Sachsen (Deutschland): Der Landesfeuerwehrverband Sachsen fordert Steuererleichterungen für Firmen, die freiwillige Feuerwehrleute beschäftigen. Vize-Vorsitzender Christian Kirsch bestätigte am Freitag, 6. August 2010, MDR INFO, dass es auch im Freistaat zu Problemen mit Arbeitgebern gekommen ist.

Feuerwehr-Kameraden sei es untersagt worden, ihren Arbeitsplatz für Feuerwehr-Einsätze zu verlassen. „Offiziell wird das kein Arbeitgeber zugeben und der Kamerad hat Angst vor Verlust des Arbeitsplatzes.“ Deshalb, so Kirsch, sei hier der Gesetzgeber gefragt.

Gesetzgeber soll Freistellung erleichtern
Der Gesetzgeber müsse dafür sorgen, dass derartige Freistellungen erleichtert würden. Die bisherigen Erstattungen reichten nicht aus, um die tatsächlichen Verluste des Arbeitgebers auszugleichen. Kirsch sagte: „Wir als Landesverband könnten uns vorstellen, dass eine grundsätzliche Regelung getroffen wird, zum Beispiel Steuererleichterungen für Firmen, die Feuerwehrleute beschäftigen.“
Auch in Thüringen gibt es Probleme mit der Freistellung von Feuerwehrleuten. Der Geschäftsführer des Landesfeuerwehrverbandes, Alexander Blasczyk, sagte MDR INFO, tagsüber könnten die notwendigen Feuerwehr-Einheiten „nur mit Mühe“ besetzt werden. „Diese Problematik verschärft sich schon seit Jahren.“ Man habe immer größere Probleme, die Einsatzbereitschaft sicherzustellen.

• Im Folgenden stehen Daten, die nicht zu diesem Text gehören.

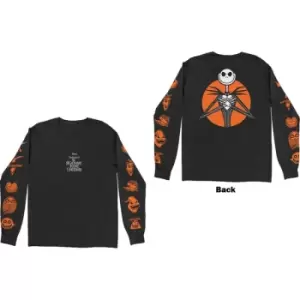 Image of Disney - The Nightmare Before Christmas All Characters Orange Unisex XX-Large Long Sleeved T-Shirt - Black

Sachsen-Anhalt: Pendelei ist das größere Problem
Das Innenministerium in Sachsen-Anhalt erklärte zu derartigen Berichten, auch aus Feuerwehrkreisen in Sachsen-Anhalt sei davon gelegentlich zu hören. Ministeriumssprecher Martin Krems sagte MDR INFO, man kenne aber keine konkreten Fälle. Von einem Massenphänomen sei nicht auszugehen. „Die Feuerwehren, die Probleme haben, ihre Einsatzbereitschaft sicherzustellen, das sind Feuerwehren im ländlichen Raum.“ Dort sei das Problem stets, dass die freiwilligen Feuerwehrleute zu ihren Arbeitsplätzen „wegpendeln“ müssten. Die Einsatzbereitschaft sei tagsüber nicht vorhanden, weil die Feuerwehrleute nicht am Ort arbeiteten.